• Stored items:
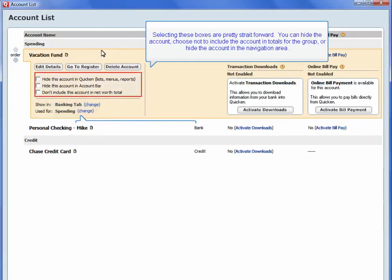Selecting these boxes are pretty straightforward. You can hide the account, choose not to include the account in totals for the group, or hide the account in the navigation area.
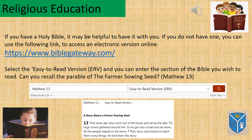If you have a Holy Bible it may be helpful to have it with you. If you do not have one, you can use the following link to access an electronic version online. This is for Bible Gateway. When you are there, select the Easy to Read Version, or ERV in brackets, and you can enter the section of the Bible you wish to read.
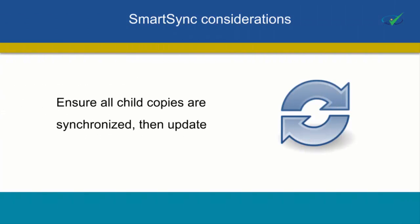If you're working in a SmartSync environment, ensure all outstanding sync copies are online and fully synchronized, then perform the update.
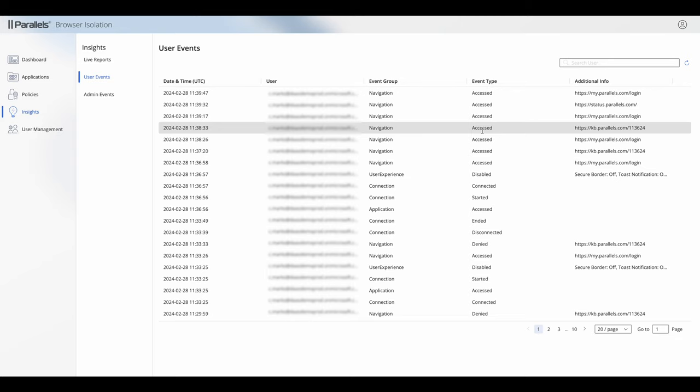This is one of the things that makes the insights page really useful, specifically when you're looking at setting up web apps. And it brings us to the end of this Tech Bytes video on Parallels Browser Isolation Insights. To find out more about Parallels Browser Isolation, tune in to the other videos in this Tech Bytes series.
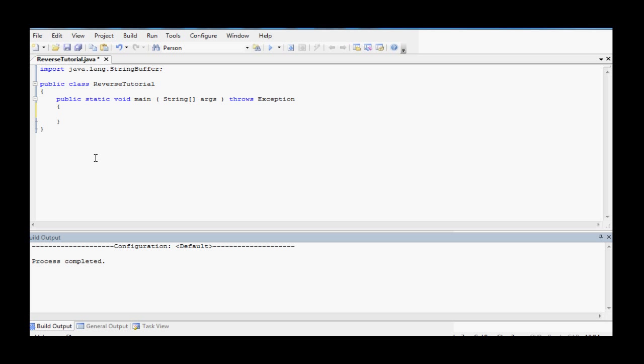Hey guys, FBI Codex here. Today I'm going to be showing you how to reverse a string in Java the fastest and easiest way possible.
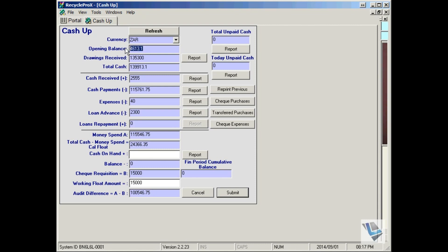Opening balance, this is your previous day's cash on hand. Drawings received, this is your morning float and top up float amounts through the day.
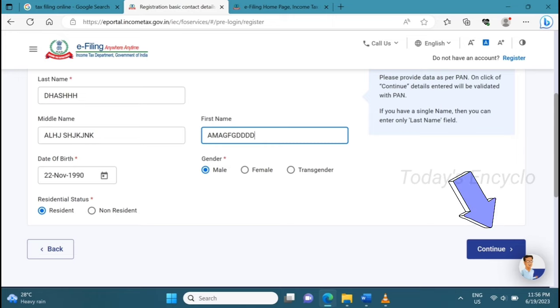That is the error resolved. On the next page, you can register the mobile number, email address, and Vita address.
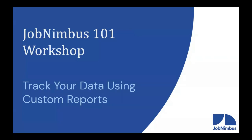Thank you everybody for joining us today on our JobNimbus 1-1 workshop. Today we are going to be workshopping custom reports, giving you a good foundation on how to build those custom reports in your account. I'm Daniel. I'm Logan. We're excited to have you all here today.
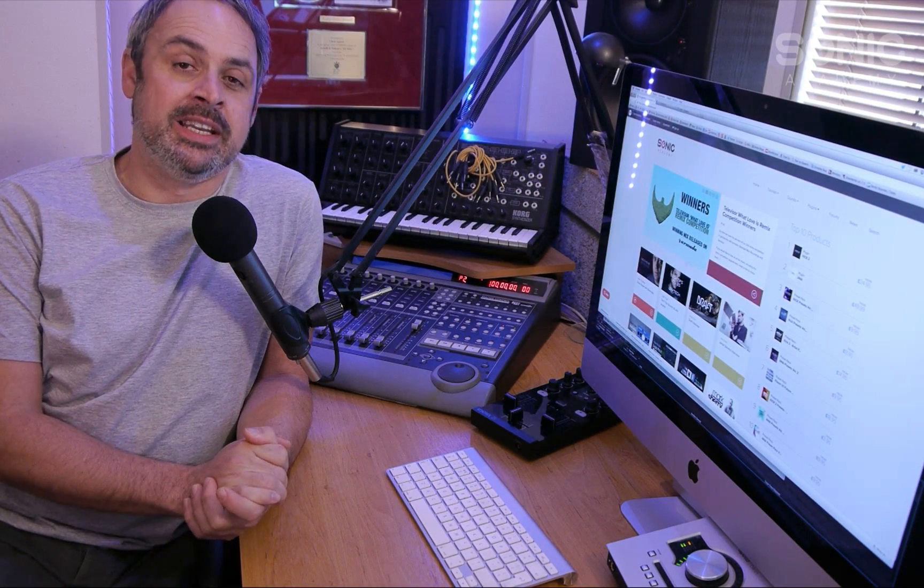Thanks everybody for watching, commenting, and liking — we really do appreciate all the support here on our Sonic Academy YouTube channel. If you find this video useful, please hit the subscribe button. We update the channel every week with new content, and if you want to watch more relevant content, just click on the videos beside me.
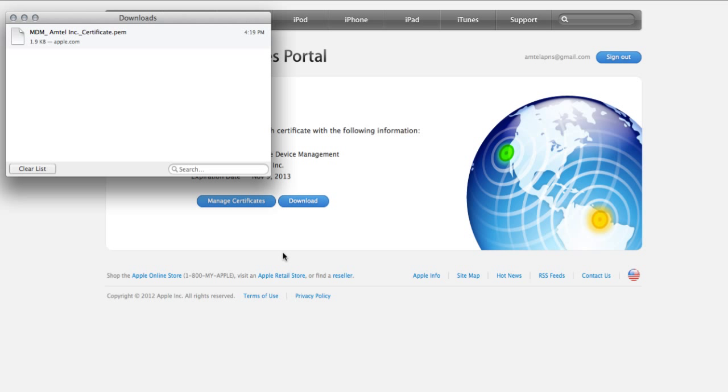Once you have this file, you can send this to your Mobility Manager to load for you, and that's how you create an Apple Push Certificate.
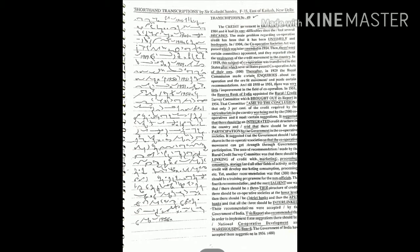And that all the three should be interlinked. These recommendations were accepted by the government of India. This report also recommended that in order to implement these suggestions there should be a National Cooperative Development and Warehousing Board.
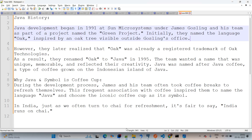Now we will come up with the Java history. Java development began in the year 1991 at Sun Microsystems organization under James Gosling and his team, as part of a project named the Green Project. Initially, they named the language as Oak, inspired by an Oak tree visible outside Gosling's office.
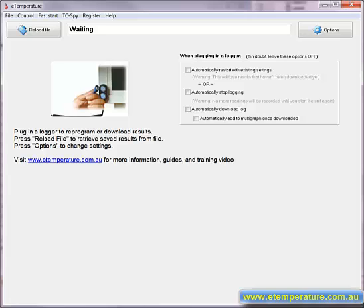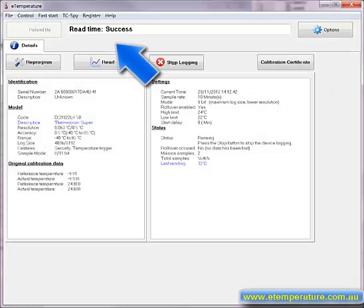When eTemperature is running, you will see the message waiting at the top. When you plug a thermocron into the reader, you will see the message change from waiting to read time success.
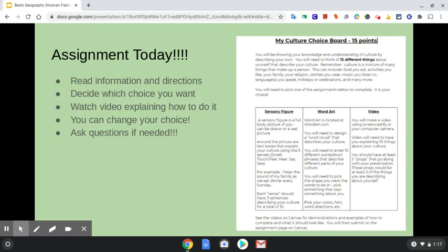For that assignment, you are going to have these instructions today on the next slide for Canvas. You need to make sure that you read the information in the directions. You need to then decide which choice you want, watch the video explaining how to do that choice. You can then change your choice if you don't like that option, and ask questions if needed.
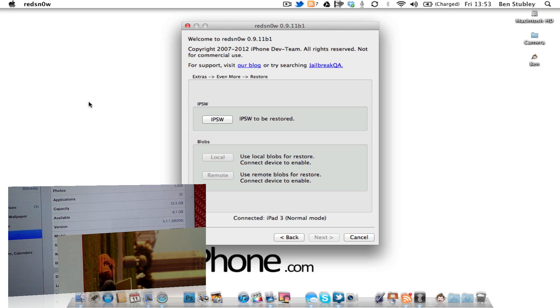Hi guys, D900man here from MigrateiPhone.com. The dev team have just released a new version of RedSnow, which is RedSnow 0.9.11b1.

• TASK TO CARRY OUT:
Above are the records; restate exactly the lines from the one containing "Now we will" through the one containing "When eTemperature is", keeping pictures out.

• ANSWER SECTION:
Now we will come up with the Java history. Java development began in the year 1991 at Sun Microsystems organization under James Gosling and his team, as part of a project named the Green Project. Initially, they named the language as Oak, inspired by an Oak tree visible outside Gosling's office.
When eTemperature is running, you will see the message waiting at the top. When you plug a thermocron into the reader, you will see the message change from waiting to read time success.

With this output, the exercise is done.